Near the beginning of the Summa Theologica, Aquinas affirms the absolute transcendence of God. Man’s finite and imperfect thought cannot grasp God; his language cannot describe God.

Now we cannot know what God is, but only what he is not; we must therefore consider the ways in which God does not exist, rather than the ways in which he does. (S.T. 1.3)

God is not like anything in creation; the creation, however, is like God.

Any creature in so far as it possesses any perfection represents God and is like him, for he, being simply and universally perfect, has pre-existing in him the perfections of all his creatures . . . what we call goodness in creatures pre-exists in God in a higher way. Thus God is not good because he causes goodness, but rather goodness flows from him because he is good. (S.T. 1.13.2).

We cannot infer God’s goodness by contemplating good things and extrapolating from them. Rather, things are good to the extent that they “participate” God’s nature, which is perfect goodness. God isn’t just the cause of goodness in things; he is its continual source. It’s not even adequate to say that goodness in the world is an imperfect version of God’s goodness. To say something is “good” is to use an analogy. For Aquinas, language describes not things as they objectively are but as they exist in human knowledge, which is only analogical to God’s truth. God’s goodness doesn’t just exceed finite goodness: it is qualitatively different, totally other. Things are good by analogy to God’s goodness; or, to use Aquinas’s language, good things “participate” God’s goodness.

Aquinas is trying to find a middle ground here. If only God is good, then nothing in the world can be good unless it is an emanation from God himself — this is Greek and pagan thinking. On the other hand, if things in the world really can be good in and of themselves, then there may be no need to invoke a transendent cause of their goodness outside of the world, which potentially renders God unnecessary. So Aquinas says this:

Things are good inasmuch as they exist. Now things are said to exist, not by divine existence, but by their own. So things are good, not by God’s goodness, but by their own. (1.6.4).
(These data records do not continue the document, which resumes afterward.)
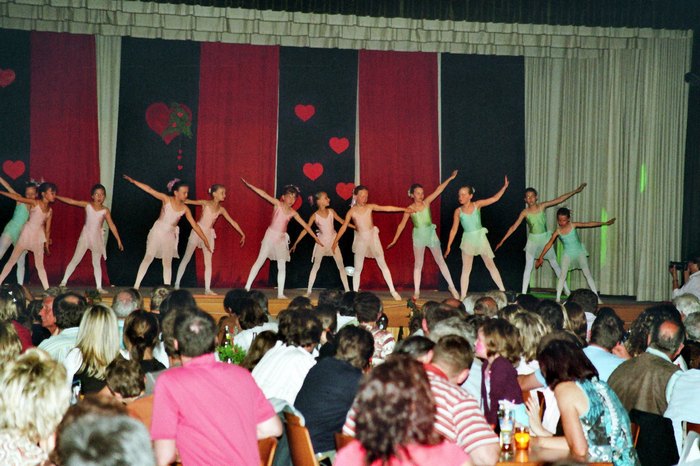 2007_1.jpg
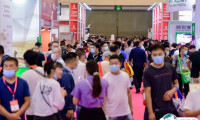 郑州餐饮业博览会2025最新参展商名录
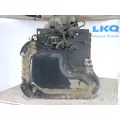 USED - CORE DPF (Diesel Particulate Filter) DETROIT DD15 for sale thumbnail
But then he also says this:

One may therefore call things good and existent by reference to this first thing, existent and good by nature, inasmuch as they somehow participate and resemble it, even if distantly and deficiently . . . And in this sense all things are said to be good by divine goodness, which is the pattern, source and goal of all goodness. Nevertheless the resemblance to divine goodness which leads us to call the thing good is inherent in the thing itself, belonging to it as a form and therefore naming it. And so there is one goodness in all things, and yet many. (1.6.4).

So God can be spoken of, but only by analogy, He can be known, but only by participation:

God is known from the perfections that flow from him and are to be found in creatures, yet which exist in him in a transcendent way. (1.1.3)

Perhaps Aquinas’s is as good an interpretation as any of Paul’s remark:

For since the creation of the world His invisible attributes, His eternal power and divine nature, have been clearly seen, being understood through what has been made… (Romans 1:20)

Aquinas and Paul walk the line between creation as an emanation of its creator and creation as wholly other than its creator.